# Exercise on Conditional Expectation of Jointly Gaussian Random Variables

I am trying to solve the following exercise from my professor's notes on conditional expectation:

Let $x: \Omega \rightarrow \mathbb{R}^n$, $x \in G(0, Q_x)$, $Q_x = Q_x^T>0$, $y: \Omega \rightarrow \mathbb{R}^k$, $y \in G(0, Q_y)$. Assume that $x$, $y$ are jointly Gaussian random variables and that \begin{equation*} E[\exp(iu^Ty)|F^x] = \exp\left(iu^TCx - \frac{1}{2} u^T \tilde{Q}u\right), \end{equation*} for some $C \in \mathbb{R}^{k \times n}$, $\tilde{Q} = \tilde{Q}^T \geq 0$. Prove that there exists a random variable $w: \Omega \rightarrow \mathbb{R}^k$, such that $x$, $w$ are independent, $w \in G(0, Q_w)$ and $y = Cx + w$

My problem is that I cannot find a way to prove the existence (the inverse is easy to prove).
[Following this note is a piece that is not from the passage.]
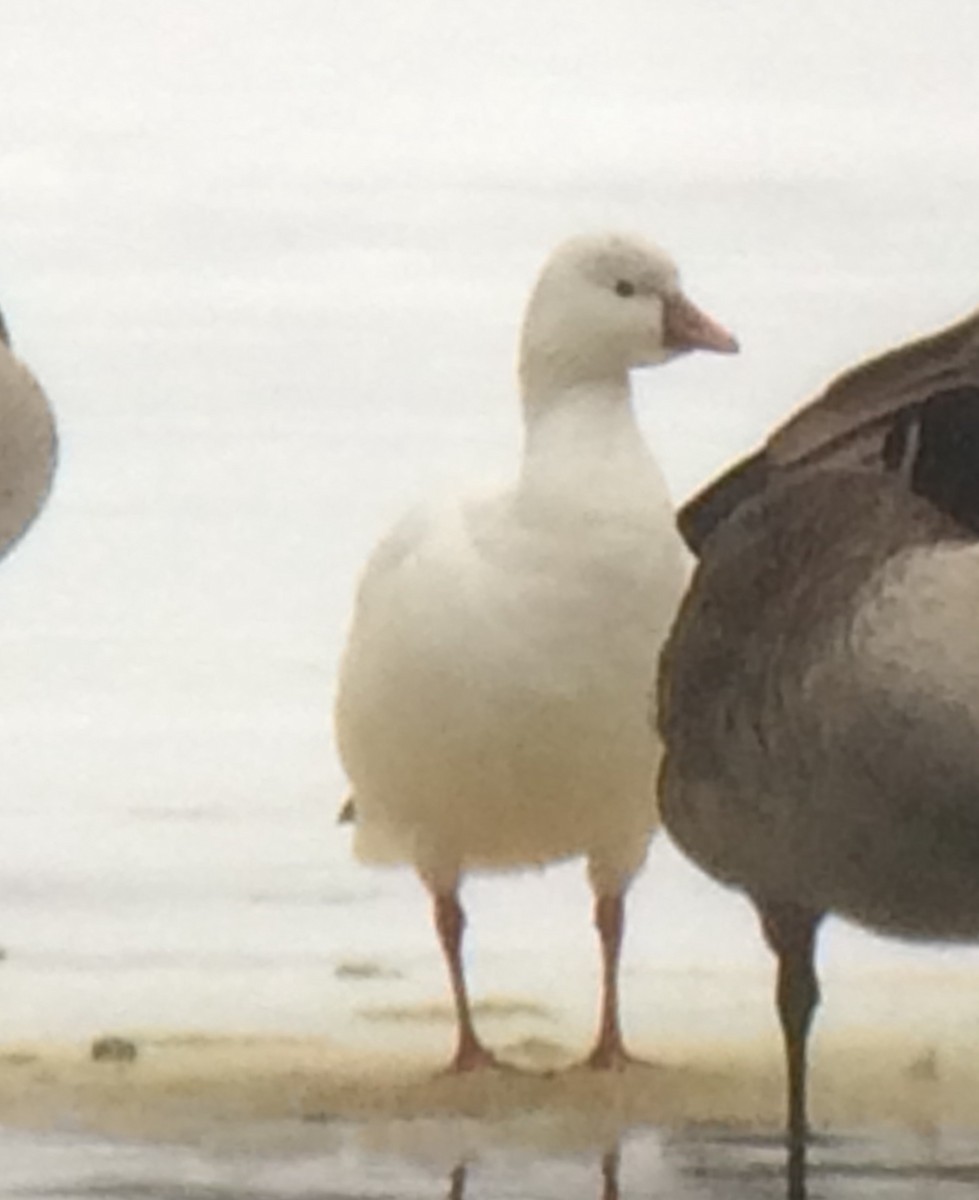 Ross's Goose - ML81533931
I was thinking to use the property $E[E[\exp(iu^Ty)|F^x]] = E[\exp(iu^Ty)]$ (because the characteristic function would give an expression for $y$) but following this path it gets overly complex.

Define $w=y-Cx$, then $$E[\mathrm e^{\mathrm iu^Tw}|\mathcal F^x] =E[\mathrm e^{\mathrm iu^Ty}|\mathcal F^x]\,\mathrm e^{-\mathrm iu^TCx} = \mathrm e^{-u^T \tilde{Q}u/2}$$ is independent of $x$. Thus $w$ is independent of $x$ and centered normal with covariance $\tilde{Q}$.